--- EXERCISE BRIEF ---
Each entry must be restated exactly as it appears.

--- PROVIDED RECORDS ---
________________
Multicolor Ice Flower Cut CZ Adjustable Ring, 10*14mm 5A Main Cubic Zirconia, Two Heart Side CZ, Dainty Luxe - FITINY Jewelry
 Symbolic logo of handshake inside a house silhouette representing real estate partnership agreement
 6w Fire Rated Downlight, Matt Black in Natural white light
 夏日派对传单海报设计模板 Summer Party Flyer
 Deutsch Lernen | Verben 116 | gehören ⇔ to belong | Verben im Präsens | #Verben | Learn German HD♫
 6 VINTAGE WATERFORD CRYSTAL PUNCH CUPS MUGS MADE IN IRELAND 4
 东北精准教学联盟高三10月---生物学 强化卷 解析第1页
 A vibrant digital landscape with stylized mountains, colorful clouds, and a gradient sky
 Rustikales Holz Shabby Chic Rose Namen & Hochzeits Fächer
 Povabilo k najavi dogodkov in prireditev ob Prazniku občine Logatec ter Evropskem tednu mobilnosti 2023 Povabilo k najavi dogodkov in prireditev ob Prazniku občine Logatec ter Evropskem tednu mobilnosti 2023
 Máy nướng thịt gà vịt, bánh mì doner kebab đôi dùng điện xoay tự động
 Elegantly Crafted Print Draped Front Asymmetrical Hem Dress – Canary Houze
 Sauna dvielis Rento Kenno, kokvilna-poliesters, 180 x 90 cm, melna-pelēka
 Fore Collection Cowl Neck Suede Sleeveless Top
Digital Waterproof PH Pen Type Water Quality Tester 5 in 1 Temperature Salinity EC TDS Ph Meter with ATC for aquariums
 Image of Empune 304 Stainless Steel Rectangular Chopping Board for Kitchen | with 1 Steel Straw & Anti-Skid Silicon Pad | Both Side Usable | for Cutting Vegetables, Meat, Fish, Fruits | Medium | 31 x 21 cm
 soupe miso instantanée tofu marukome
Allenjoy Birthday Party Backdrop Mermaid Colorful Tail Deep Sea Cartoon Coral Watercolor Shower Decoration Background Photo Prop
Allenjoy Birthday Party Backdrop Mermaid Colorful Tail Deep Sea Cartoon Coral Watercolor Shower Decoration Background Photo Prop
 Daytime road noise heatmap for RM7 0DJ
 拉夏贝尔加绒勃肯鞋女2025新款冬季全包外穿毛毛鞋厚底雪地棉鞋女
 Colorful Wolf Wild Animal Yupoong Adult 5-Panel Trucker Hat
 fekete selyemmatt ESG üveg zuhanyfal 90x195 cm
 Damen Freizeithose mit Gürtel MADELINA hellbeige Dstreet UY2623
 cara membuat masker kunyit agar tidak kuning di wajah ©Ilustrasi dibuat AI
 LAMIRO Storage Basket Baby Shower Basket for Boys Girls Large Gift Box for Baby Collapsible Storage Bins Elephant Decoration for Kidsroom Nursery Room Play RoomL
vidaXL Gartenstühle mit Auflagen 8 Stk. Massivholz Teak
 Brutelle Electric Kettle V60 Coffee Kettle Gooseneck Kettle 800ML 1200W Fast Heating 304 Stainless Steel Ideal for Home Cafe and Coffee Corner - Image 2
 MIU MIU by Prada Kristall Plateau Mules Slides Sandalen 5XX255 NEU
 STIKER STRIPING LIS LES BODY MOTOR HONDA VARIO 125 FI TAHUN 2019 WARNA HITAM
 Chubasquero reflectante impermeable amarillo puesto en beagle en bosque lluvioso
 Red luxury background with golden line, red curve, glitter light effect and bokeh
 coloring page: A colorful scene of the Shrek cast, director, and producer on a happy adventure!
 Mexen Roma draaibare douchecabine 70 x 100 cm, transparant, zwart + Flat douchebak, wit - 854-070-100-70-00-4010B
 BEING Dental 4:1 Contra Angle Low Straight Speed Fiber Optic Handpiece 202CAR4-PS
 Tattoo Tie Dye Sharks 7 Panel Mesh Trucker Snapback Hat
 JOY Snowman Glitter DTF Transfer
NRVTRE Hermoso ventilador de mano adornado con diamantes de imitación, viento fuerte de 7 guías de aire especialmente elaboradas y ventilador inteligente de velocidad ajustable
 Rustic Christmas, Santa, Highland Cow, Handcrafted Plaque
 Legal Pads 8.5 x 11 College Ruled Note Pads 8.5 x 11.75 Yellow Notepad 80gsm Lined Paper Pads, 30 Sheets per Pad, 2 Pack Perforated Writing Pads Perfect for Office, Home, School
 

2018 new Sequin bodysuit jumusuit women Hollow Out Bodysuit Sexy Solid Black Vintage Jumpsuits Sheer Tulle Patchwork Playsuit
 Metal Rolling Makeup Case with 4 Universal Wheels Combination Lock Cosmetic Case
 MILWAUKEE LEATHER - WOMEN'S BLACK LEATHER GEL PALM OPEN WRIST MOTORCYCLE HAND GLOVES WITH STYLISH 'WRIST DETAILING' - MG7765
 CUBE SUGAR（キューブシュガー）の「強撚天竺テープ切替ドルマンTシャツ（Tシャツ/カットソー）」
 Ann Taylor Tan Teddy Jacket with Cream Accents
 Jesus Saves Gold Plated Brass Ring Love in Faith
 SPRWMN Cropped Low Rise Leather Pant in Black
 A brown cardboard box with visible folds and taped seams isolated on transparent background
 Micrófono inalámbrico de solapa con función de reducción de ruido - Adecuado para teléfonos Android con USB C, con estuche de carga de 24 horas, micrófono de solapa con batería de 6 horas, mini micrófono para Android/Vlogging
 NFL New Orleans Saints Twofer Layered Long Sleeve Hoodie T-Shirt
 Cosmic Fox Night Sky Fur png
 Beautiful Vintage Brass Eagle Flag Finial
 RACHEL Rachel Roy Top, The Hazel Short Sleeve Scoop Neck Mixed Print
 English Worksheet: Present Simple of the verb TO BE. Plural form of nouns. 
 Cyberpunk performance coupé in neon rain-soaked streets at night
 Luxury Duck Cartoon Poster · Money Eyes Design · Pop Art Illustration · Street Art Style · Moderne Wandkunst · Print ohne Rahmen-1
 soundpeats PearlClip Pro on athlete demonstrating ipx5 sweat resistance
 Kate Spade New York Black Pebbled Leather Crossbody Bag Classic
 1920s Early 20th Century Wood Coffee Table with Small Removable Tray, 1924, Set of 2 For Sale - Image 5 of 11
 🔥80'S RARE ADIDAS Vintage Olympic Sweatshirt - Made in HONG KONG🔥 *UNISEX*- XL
________________
--- SOLUTION FOR THIS EXERCISE ---
Multicolor Ice Flower Cut CZ Adjustable Ring, 10*14mm 5A Main Cubic Zirconia, Two Heart Side CZ, Dainty Luxe - FITINY Jewelry
 Symbolic logo of handshake inside a house silhouette representing real estate partnership agreement
 6w Fire Rated Downlight, Matt Black in Natural white light
 夏日派对传单海报设计模板 Summer Party Flyer
 Deutsch Lernen | Verben 116 | gehören ⇔ to belong | Verben im Präsens | #Verben | Learn German HD♫
 6 VINTAGE WATERFORD CRYSTAL PUNCH CUPS MUGS MADE IN IRELAND 4
 东北精准教学联盟高三10月---生物学 强化卷 解析第1页
 A vibrant digital landscape with stylized mountains, colorful clouds, and a gradient sky
 Rustikales Holz Shabby Chic Rose Namen & Hochzeits Fächer
 Povabilo k najavi dogodkov in prireditev ob Prazniku občine Logatec ter Evropskem tednu mobilnosti 2023 Povabilo k najavi dogodkov in prireditev ob Prazniku občine Logatec ter Evropskem tednu mobilnosti 2023
 Máy nướng thịt gà vịt, bánh mì doner kebab đôi dùng điện xoay tự động
 Elegantly Crafted Print Draped Front Asymmetrical Hem Dress – Canary Houze
 Sauna dvielis Rento Kenno, kokvilna-poliesters, 180 x 90 cm, melna-pelēka
 Fore Collection Cowl Neck Suede Sleeveless Top
Digital Waterproof PH Pen Type Water Quality Tester 5 in 1 Temperature Salinity EC TDS Ph Meter with ATC for aquariums
 Image of Empune 304 Stainless Steel Rectangular Chopping Board for Kitchen | with 1 Steel Straw & Anti-Skid Silicon Pad | Both Side Usable | for Cutting Vegetables, Meat, Fish, Fruits | Medium | 31 x 21 cm
 soupe miso instantanée tofu marukome
Allenjoy Birthday Party Backdrop Mermaid Colorful Tail Deep Sea Cartoon Coral Watercolor Shower Decoration Background Photo Prop
Allenjoy Birthday Party Backdrop Mermaid Colorful Tail Deep Sea Cartoon Coral Watercolor Shower Decoration Background Photo Prop
 Daytime road noise heatmap for RM7 0DJ
 拉夏贝尔加绒勃肯鞋女2025新款冬季全包外穿毛毛鞋厚底雪地棉鞋女
 Colorful Wolf Wild Animal Yupoong Adult 5-Panel Trucker Hat
 fekete selyemmatt ESG üveg zuhanyfal 90x195 cm
 Damen Freizeithose mit Gürtel MADELINA hellbeige Dstreet UY2623
 cara membuat masker kunyit agar tidak kuning di wajah ©Ilustrasi dibuat AI
 LAMIRO Storage Basket Baby Shower Basket for Boys Girls Large Gift Box for Baby Collapsible Storage Bins Elephant Decoration for Kidsroom Nursery Room Play RoomL
vidaXL Gartenstühle mit Auflagen 8 Stk. Massivholz Teak
 Brutelle Electric Kettle V60 Coffee Kettle Gooseneck Kettle 800ML 1200W Fast Heating 304 Stainless Steel Ideal for Home Cafe and Coffee Corner - Image 2
 MIU MIU by Prada Kristall Plateau Mules Slides Sandalen 5XX255 NEU
 STIKER STRIPING LIS LES BODY MOTOR HONDA VARIO 125 FI TAHUN 2019 WARNA HITAM
 Chubasquero reflectante impermeable amarillo puesto en beagle en bosque lluvioso
 Red luxury background with golden line, red curve, glitter light effect and bokeh
 coloring page: A colorful scene of the Shrek cast, director, and producer on a happy adventure!
 Mexen Roma draaibare douchecabine 70 x 100 cm, transparant, zwart + Flat douchebak, wit - 854-070-100-70-00-4010B
 BEING Dental 4:1 Contra Angle Low Straight Speed Fiber Optic Handpiece 202CAR4-PS
 Tattoo Tie Dye Sharks 7 Panel Mesh Trucker Snapback Hat
 JOY Snowman Glitter DTF Transfer
NRVTRE Hermoso ventilador de mano adornado con diamantes de imitación, viento fuerte de 7 guías de aire especialmente elaboradas y ventilador inteligente de velocidad ajustable
 Rustic Christmas, Santa, Highland Cow, Handcrafted Plaque
 Legal Pads 8.5 x 11 College Ruled Note Pads 8.5 x 11.75 Yellow Notepad 80gsm Lined Paper Pads, 30 Sheets per Pad, 2 Pack Perforated Writing Pads Perfect for Office, Home, School
 

2018 new Sequin bodysuit jumusuit women Hollow Out Bodysuit Sexy Solid Black Vintage Jumpsuits Sheer Tulle Patchwork Playsuit
 Metal Rolling Makeup Case with 4 Universal Wheels Combination Lock Cosmetic Case
 MILWAUKEE LEATHER - WOMEN'S BLACK LEATHER GEL PALM OPEN WRIST MOTORCYCLE HAND GLOVES WITH STYLISH 'WRIST DETAILING' - MG7765
 CUBE SUGAR（キューブシュガー）の「強撚天竺テープ切替ドルマンTシャツ（Tシャツ/カットソー）」
 Ann Taylor Tan Teddy Jacket with Cream Accents
 Jesus Saves Gold Plated Brass Ring Love in Faith
 SPRWMN Cropped Low Rise Leather Pant in Black
 A brown cardboard box with visible folds and taped seams isolated on transparent background
 Micrófono inalámbrico de solapa con función de reducción de ruido - Adecuado para teléfonos Android con USB C, con estuche de carga de 24 horas, micrófono de solapa con batería de 6 horas, mini micrófono para Android/Vlogging
 NFL New Orleans Saints Twofer Layered Long Sleeve Hoodie T-Shirt
 Cosmic Fox Night Sky Fur png
 Beautiful Vintage Brass Eagle Flag Finial
 RACHEL Rachel Roy Top, The Hazel Short Sleeve Scoop Neck Mixed Print
 English Worksheet: Present Simple of the verb TO BE. Plural form of nouns. 
 Cyberpunk performance coupé in neon rain-soaked streets at night
 Luxury Duck Cartoon Poster · Money Eyes Design · Pop Art Illustration · Street Art Style · Moderne Wandkunst · Print ohne Rahmen-1
 soundpeats PearlClip Pro on athlete demonstrating ipx5 sweat resistance
 Kate Spade New York Black Pebbled Leather Crossbody Bag Classic
 1920s Early 20th Century Wood Coffee Table with Small Removable Tray, 1924, Set of 2 For Sale - Image 5 of 11
 🔥80'S RARE ADIDAS Vintage Olympic Sweatshirt - Made in HONG KONG🔥 *UNISEX*- XL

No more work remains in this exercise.